MacroMavens President Stephanie Pomboy discusses the economy, the impact of inflation on consumers, and her expectations for fourth quarter GDP.
Chronic inflation is hampering the ability of millions of Americans to prepare for their financial future, according to new research released by Allianz Life Insurance.
According to research by Allianz Life Insurance Company of North America, American households are drawing down their retirement savings, borrowing money, and reducing the amount they have set aside for the future in order to maintain their current finances.
Nearly 7 in 10 respondents said they are not contributing much to savings due to rising prices for everyday items, while 51% of Americans say they are taking on more credit card debt to pay for necessities. The answer was yes.
US wages are falling at an ‘alarming’ pace, they actually say
A woman shops for groceries at a supermarket in Monterey Park, California, on October 19, 2022. (Frederick J. Brown/via AFP/Getty Images)
In addition, nearly 42% of households reported dipping into their retirement savings due to inflation, a “worrying” sign for long-term financial stability, the report said. There is.
“Rising costs of living are straining U.S. budgets,” said Kelly Lavigne, vice president of consumer insights at Allianz Life Insurance. “Just because inflation has slowed doesn’t mean prices have gone down. In the short term, it may be wise to postpone big purchases to continue saving for the future and avoid taking on new debt. not.”
The study comes as Americans continue to face high inflation that is rapidly eroding their purchasing power.
401(K) “Hardship” Withdrawals Surge to New Record Due to High Inflation
The Department of Labor reported last month that: consumer price indexA broad measure of prices for daily necessities, including gasoline, groceries and rent, rose 0.4% in February from the previous month. Prices increased by 3.2% compared to the same period last year.
Both of these figures exceeded the 0.3% month-on-month rise recorded in January and the 3.1% headline increase, highlighting the difficulty in containing price pressures within the economy.

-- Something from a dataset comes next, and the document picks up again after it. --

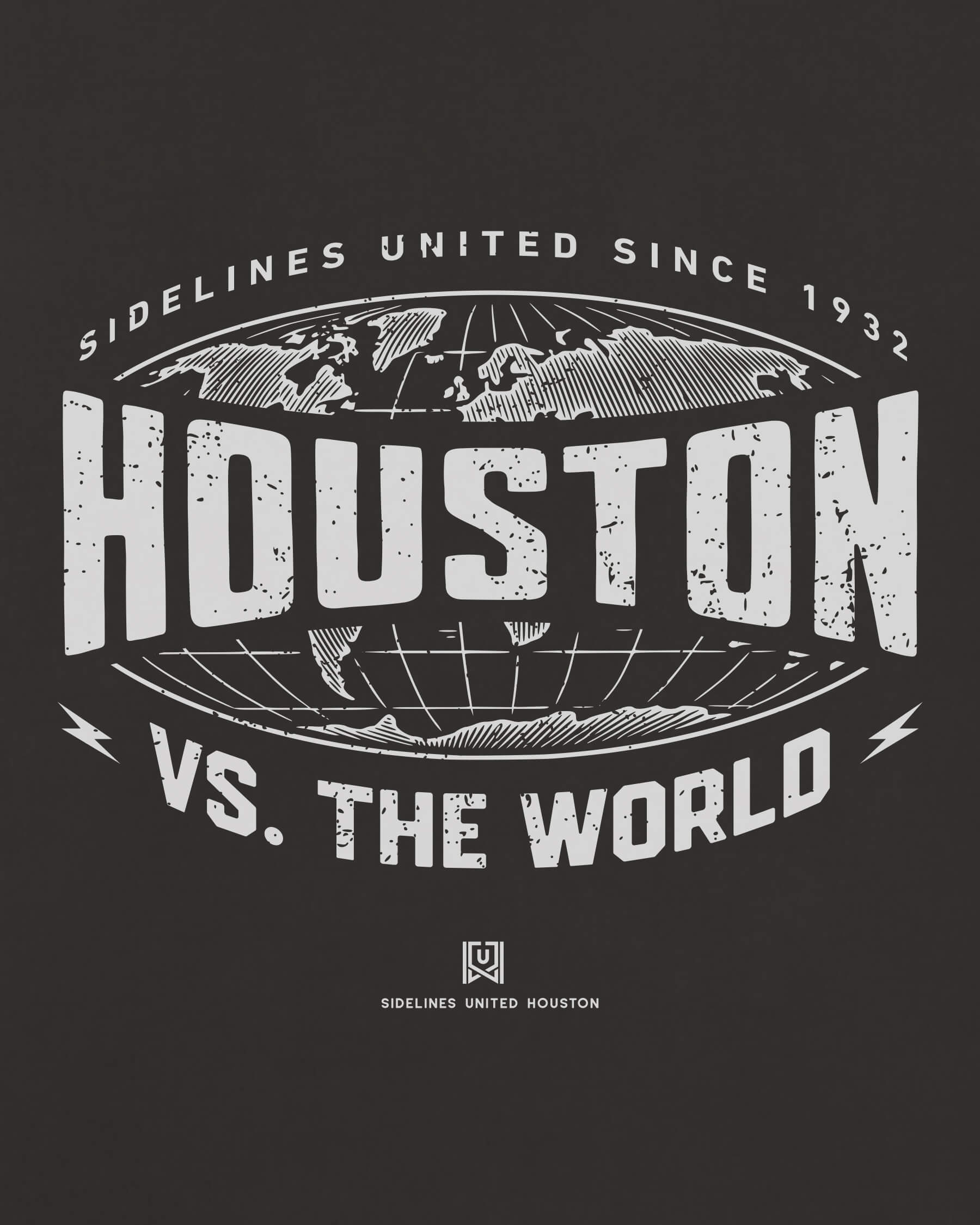 mockup-zoom_T_VS-the-World-Atlas---All-Sports_Houston_TX_All-Teams_Light-On-Washed-Black_rel-20260602_id-Z94UI51.jpg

Customers shop at a supermarket on September 13, 2023 in Foster City, California. (Li Jianguo/Via Xinhua/Getty Images)
caused by high inflation severe financial pressure Most American households are being forced to pay more for everyday necessities like food and rent. The burden falls disproportionately on low-income Americans, whose already maxed-out paychecks are heavily affected by price fluctuations.

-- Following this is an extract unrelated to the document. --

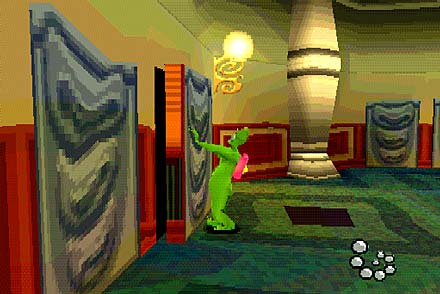 Jim Carrey stole Christmas (psx)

As spending on everyday items increases, Americans are on fire More and more people are dipping into their savings and turning to credit cards to cover basic expenses. Credit card debt soared to an all-time high at the end of December, according to recent data from the New York Fed.
CLICK HERE TO GET FOX BUSINESS ON THE GO
But recent signs that progress is stalling have many Americans still worried that the worst of inflation could be the case. Some 68% expect inflation to worsen over the next 12 months, but this is down from 74% at the end of 2024. In contrast, 37% of respondents said they felt “good” about the direction of inflation. I headed to
“Inflation isn’t going anywhere. The cost of living always goes up over time. The only question is how much and how fast does it go up?” Lavigne said.